Anyhow, I am dithering from the premise of this short piece. The invisible hand of history partitioned the two communities so they could live in peace and practice their individual religions without any fear or worry. At the same time, it was not practically possible for India to be completely devoid of Muslims as it was for Pakistan to be completely devoid of Hindus.
After the establishment of these two sovereign nations, it behooves the religious majority now to show a sparkling of empathy for the religious minority, because now the religious minority can hardly influence the cultural, religious, or political discourse.
Suppression only happens when a political or religious majority thinks and feels rightly or wrongly that a political or religious minority is exercising undue influence or has exercised undue influence in the past. This partly explains the Nazi suppression of the Jews, and in a larger measure, the riots and killings of Muslims after the demolition of the Babri Masjid in 1993 and the Gujrat massacre.
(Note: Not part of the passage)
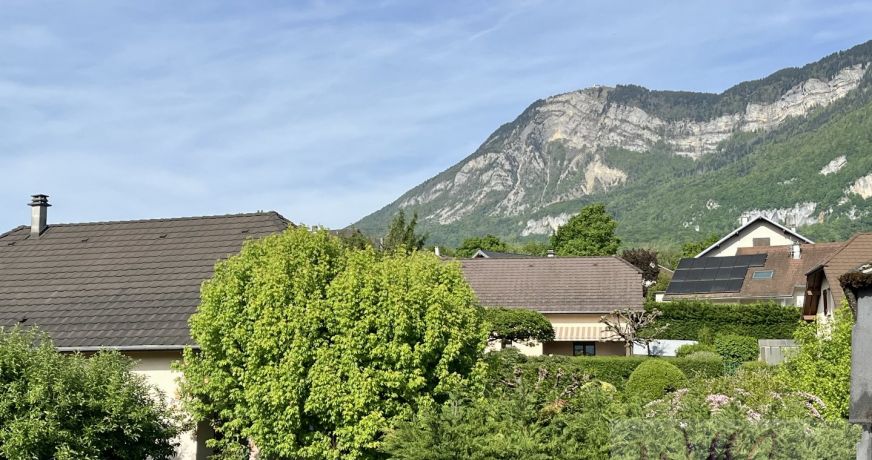 vente Appartement Drumettaz Clarafond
The problem is that the domination of Muslims in the subcontinent for a thousand years before the British entered the fray and the unverified claim of the destruction of 60,000 temples looms large in the collective Hindu conscious.
There is no justification for it but historically and politically, it is understandable if, under the guise of Hindutva, India demonstrates barbarity towards the teeming masses of Muslims who, despite being a minority, still number in the hundreds of millions. But there is no historical and political justification for the state of Pakistan to deny the right to its Hindu minority to build a simple temple, because there is no precedence of Hindus ever being a culturally or religiously coercive minority in modern day Pakistan.
If the Hindu Panchayat has secured rights to the site of the purported Shri Kirshna Mandir and the Prime Minister himself issued directives for Rs 100 million to be allocated for the construction of this Mandir, why is a political furor being created over this and why has the Capital Development Authority (CDA) stopped the construction of the boundary wall?
While Imran portrays himself to be a born-again Muslim, under that pretense of Islam, there is that die-hard liberal who believes in the equality of all men and tolerance for all religions. Imran picked Atif Mian as economic advisor solely based on merit. However, he was asked to resign from the Economic Advisory Council because of political compulsions. In an interview with TRT, our Prime Minister quipped that one has to choose one’s fights, meaning that he cannot take on the politico-religious lobby head on when he has to resolve our multifarious economic and political challenges and, that too, when he is batting on a very sticky wicket – by which I mean the PTI has a very thin parliamentary majority.
Granted that as mere writers or readers, we cannot even imagine the magnitude of problems the erstwhile Kaptaan faces daily. Asking him to also sort out the religious extremism prevalent in our society is asking for the impossible. Great leaders, however, always face stark choices and it is their decisions at times like these that set a precedence. No matter how unpopular his decision was, if Musharraf had not ordered a direct attack on the Lal Masjid, mosques in neighbourhoods across Pakistan would have gained courage from the Abdul Aziz’s exhibit of force and would have similarly begun to exercise their own version of the Shari’a in their localities.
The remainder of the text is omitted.